Sheriff’s Concern Over Prison Release


By Paul Thornton

A SHOCKED Sheriff has hit out after discovering that a prisoner had been  let out of jail early after serving  little more that a quarter of his sentence.

Sheriff Fiona Reith said “words fail me” as she questioned the point of imposing sentences only for convicts to be freed so early.

Her comments immediately drew sympathy and support from Conservative justice spokesman, Bill Aitken MSP.

But other legal source said the problem has been ongoing ever since new rules were put in place three years ago.

The Scottish Government insists prisoners who do not comply with the conditions of their early release will find themselves back behind bars.

Sheriff Reith was sitting on the bench when she was told an accused had served just nine weeks of an eight-month sentence before being placed on a home detention curfew (HDC) or “the tag”.

Mohammad Sheraz Hamayun, 23, was given the custodial sentence at Glasgow Sheriff Court last November after he was convicted of fraud.

He was pleading guilty to similar charges at Edinburgh Sheriff Court.

But after Hamayun’s lawyer, Liam Robertson, told the court his client had been released on a restriction of liberty order on January 7 this year, she admitted her shock.

She said: “Nine weeks?  I don’t understand that.  I have never heard anything like that.”

“Words fail me.  I’m really rather taken aback.  I had no idea that that was what was actually happening.

“Obviously I am aware of Home Detention Curfews, but I did not know that that was the way they were in fact being operated”.

“I’m beginning to wonder what the point is of a court imposing a custodial sentence.”

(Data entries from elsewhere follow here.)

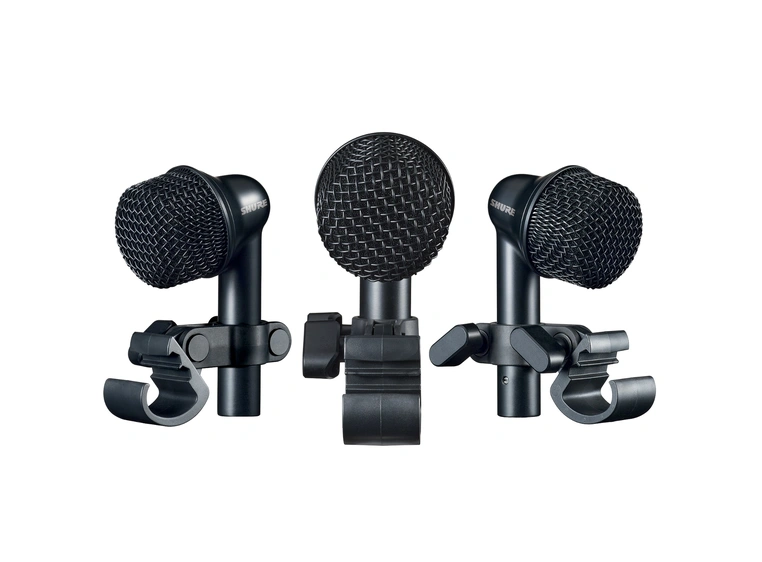Shure NXN6-3PK Nexadyne 3-pakning Mikrofoner til tammer/skarp 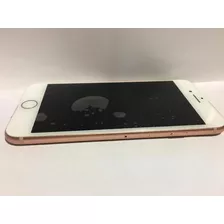 iPhone 8 64 Gb Dourado E Preto Vitrine Novo (a) Original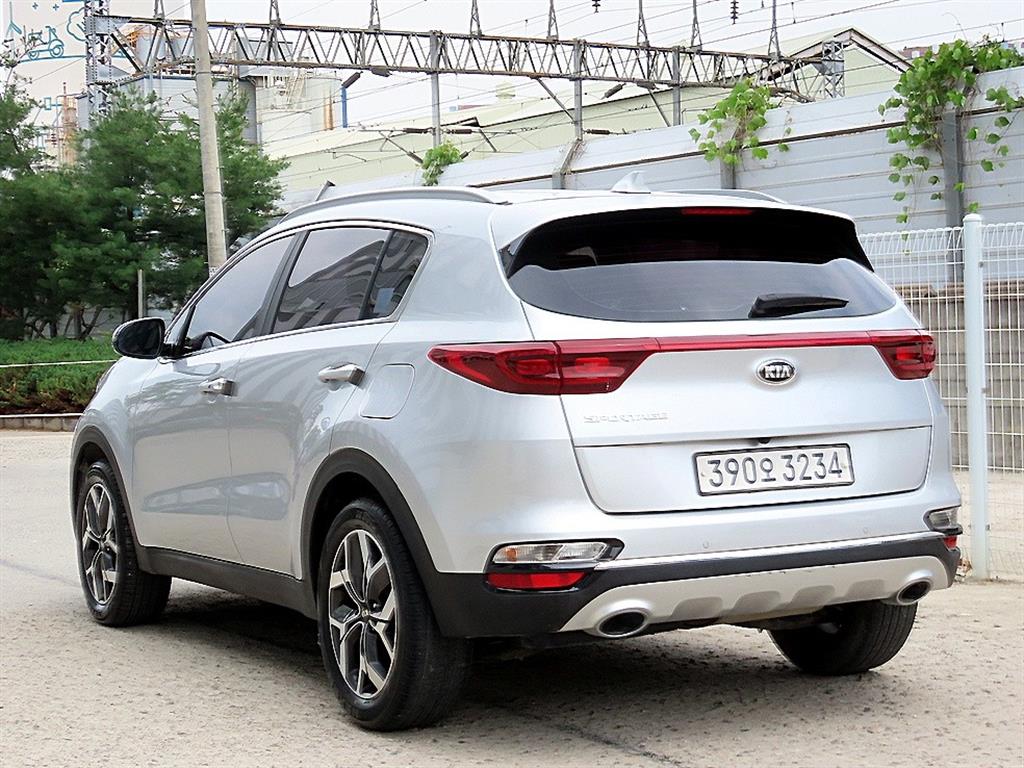 KIA Sportage - Vista 3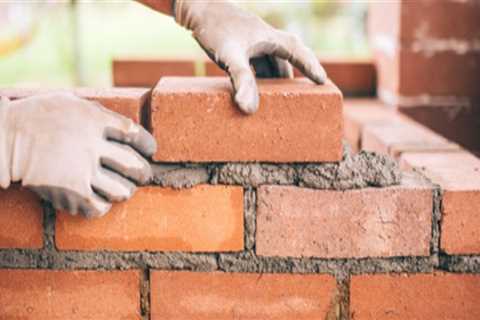 What are the advantages and disadvantages of masonry construction?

Mr Robertson said despite the Sheriff’s surprise the early release was not so shocking.

He said: “It is quite common place – that is what happens with all prison sentences these days.

“It is obviously not his fault but it makes a complete mockery of the system.”

Sheriff Reith added: “There seems to be very little relation between the sentence imposed by the court and what actually happens, which is a matter of concern to the court.”

The legislation covering Home Detention Curfew (HDC) states that a prisoner may serve a minimum of a quarter of their sentence before being released on a tag.

It is set out in the Management of Offenders (Scotland) Act and insiders say not being aware of this legislation could be a source of embarrassment for Sheriff Reith.

However Conservative justice spokesman, Bill Aitken, said that while case did not surprise him it did highlight the need for tougher guidelines.

He said: “This is another graphic case why we have to end the scandal of early release which means that many prisoners serve barely a quarter of their sentence.

“To make matters worse the SNP has today published a bill to scrap all short-term sentences and allow the muggers, the thugs and the fraudsters to roam free.”

And, Mr Aitken added, he could sympathise with Sheriff Reith’s comments.

He said: “The SNP government need to listen when the judiciary speaks out and tells it that it has got it wrong.”

A Scottish Government spokesperson said: “The system of HDC introduced by the previous administration is aimed at low-risk prisoners nearing the end of their sentence.

“They are released with strict conditions and failure to comply with those conditions is very likely to result in their recall to custody.

“The Justice Secretary committed to undertaking a wide-ranging review of the HDC scheme when HMP Addiewell came on stream, and that work is now underway.

Legal expert Dr Paul Arnell, who lectures in law at Robert Gordon University, admitted the comments were unusual.

He said: “Of course it is a presumption that a sheriff should be aware of sentencing rules and legislation, I’m surprised at the comments.”

A spokesman for the SPS said: “We cannot comment on individual prisoners.”